E as couraças estão cada vez maiores, abrutalhadas e ameaçadoras como vemos na televisão nos anúncios dos recém-lançados suvs, os utilitários esportivos. Uma invenção bizarra misturando duas categorias aparentemente inconciliáveis e sem serventia.

Utilitários? Para quê? Em suas caçambas avantajadas nada transportam; são tanques de uma guerra urbana encapsulando uma solitária madame ou um executivo mauricinho, os dois, sempre de óculos escuros por detrás de vidros completamente opacos. Esportivos? Como, se não passam dos 30Km/h nas vias de trânsito congestionado?

E eles almejam outros horizontes que não os urbanos. O mato, a praia, o lugar de ninguém, o lugar nenhum.

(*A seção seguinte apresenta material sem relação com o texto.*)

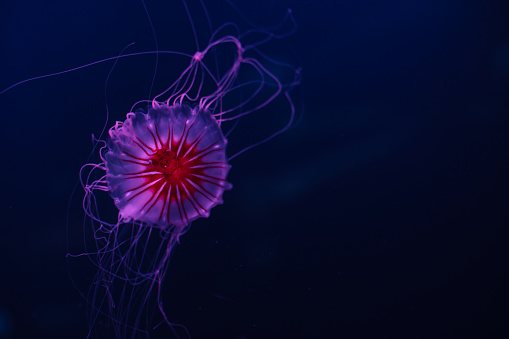 Transparent jellyfish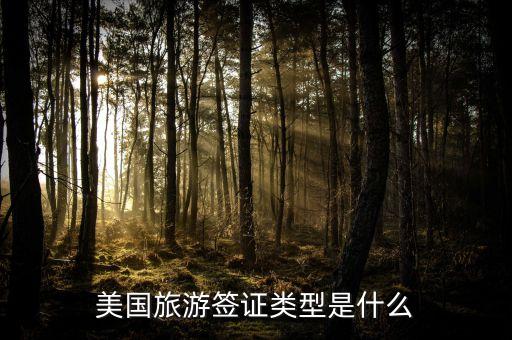 美国旅游签证类型是什么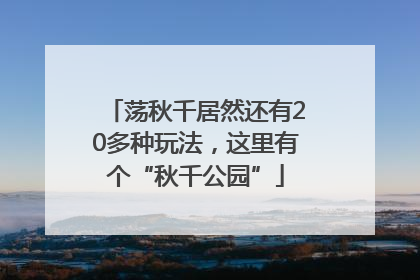 荡秋千居然还有20多种玩法，这里有个“秋千公园”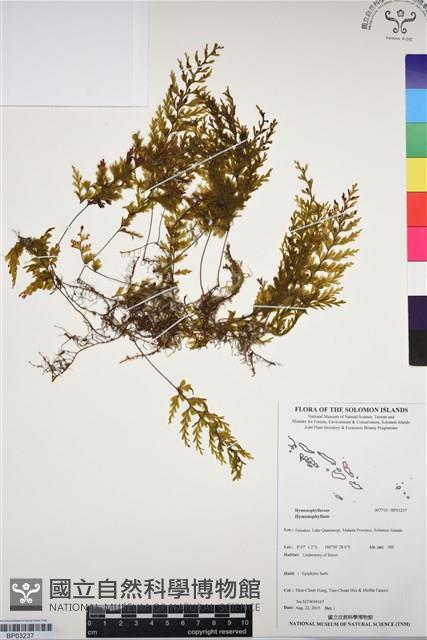 登錄號:BP03237藏品圖，第1張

Numa propaganda fresquinha vemos o jovem endinheirado profissional bem-sucedido largar o escritório descolado, embarcar em seu vermelho sangue suv e rapidamente alcançar o topo da montanha fora da cidade para dela audaciosamente atirar-se no abismo e planar na companhia de seus iguais, entre eles, a mulherzinha de olhar insinuante.

Como ainda pode existir alguém que se encante com peça publicitária tão rastaquera?

Agora que o fim de ano se avizinha com o natal e seu mercantilismo de ocasião e o reveillon ressuscitando as sempre velhas promessas de mudança renovadas entra ano sai ano, nós que moramos no litoral sul maravilha vamos viver o apocalipse causado pela invasão de milhares e milhares desses carros brancos pretos prateados formando fila paquidérmica, buzinando em coro desafinado, resfolegando histéricos, enfumaçando e catingando o ar.

Quem sabe a ilha afunda de vez com tanto peso de lata inútil guiada por gente estúpida.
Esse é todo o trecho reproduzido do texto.